Flatten column names, so we can use `style.format` easily.

In [563]:
footy_recall_grouped_countries_totals.columns = [' '.join(col).strip() for col in footy_recall_grouped_countries_totals.columns.values]

Set `pandas` to display all rows, so we can inspect all team names.

In [558]:
pd.set_option('display.max_rows', None)

In [564]:
footy_recall_grouped_countries_totals.style.format(precision=2).background_gradient(subset='recall mean')

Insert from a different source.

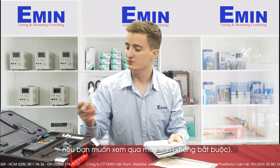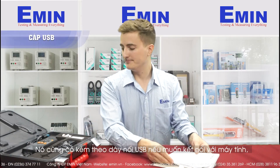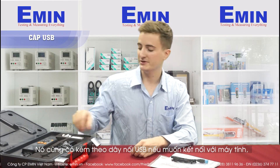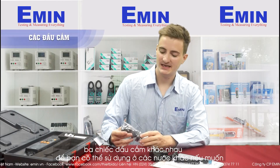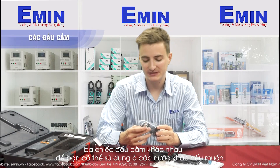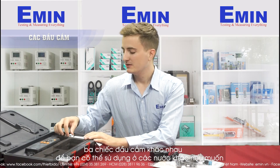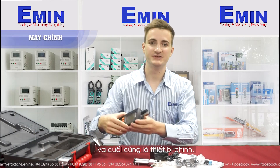If you want to connect it to a computer, you don't have to, but it also has a USB cable for that. There is a charger for the battery, and it has three different adapters depending on which country you want to use it in. The tripod and the device are also included.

Unnamed: 0_level_0,Unnamed: 1_level_0,recall mean,recall sum,recall count
country_code,team_name,Unnamed: 2_level_1,Unnamed: 3_level_1,Unnamed: 4_level_1
AR,Aldosivi,0.91,107,117
AR,Argentinos Juniors,0.78,87,112
AR,Arsenal,0.87,101,116
AR,Atlético Rafaela,0.82,54,66
AR,Atlético Tucumán,0.8,97,121
AR,Banfield,0.85,123,144
AR,Belgrano,0.81,98,121
AR,Boca Juniors,0.87,122,141
AR,Central Córdoba SdE,0.91,21,23
AR,Chacarita Juniors,0.78,21,27


Team names with low-ish `in-play data-wise recalls` were checked.  
In some cases, former names and aliases were found.  
The remaining team names with low-ish `in-play data-wise recalls` are from less traditional leagues and/or have less matches.

In [590]:
RECALL_EXAMPLE_THRESHOLD = .65
footy_recall_grouped_countries_totals[
    footy_recall_grouped_countries_totals['recall mean'] < RECALL_EXAMPLE_THRESHOLD
].style.format(precision=2).background_gradient(subset='recall mean')

Unnamed: 0_level_0,Unnamed: 1_level_0,recall mean,recall sum,recall count
country_code,team_name,Unnamed: 2_level_1,Unnamed: 3_level_1,Unnamed: 4_level_1
AR,San Martín Tucumán,0.64,16,25
AU,Adelaide United,0.63,85,134
AU,Wellington Phoenix,0.64,82,129
AU,Western Sydney Wanderers,0.63,83,132
CN,Beijing Renhe,0.54,45,83
CN,Changchun Yatai,0.6,68,114
CN,Dalian Yifang,0.43,26,60
CN,Guizhou Zhicheng,0.4,24,60
CN,Jiangsu Suning,0.6,86,143
CN,Tianjin Quanjian,0.6,54,90


The team names may be considered validated and the relevant `event id`s have been fetched.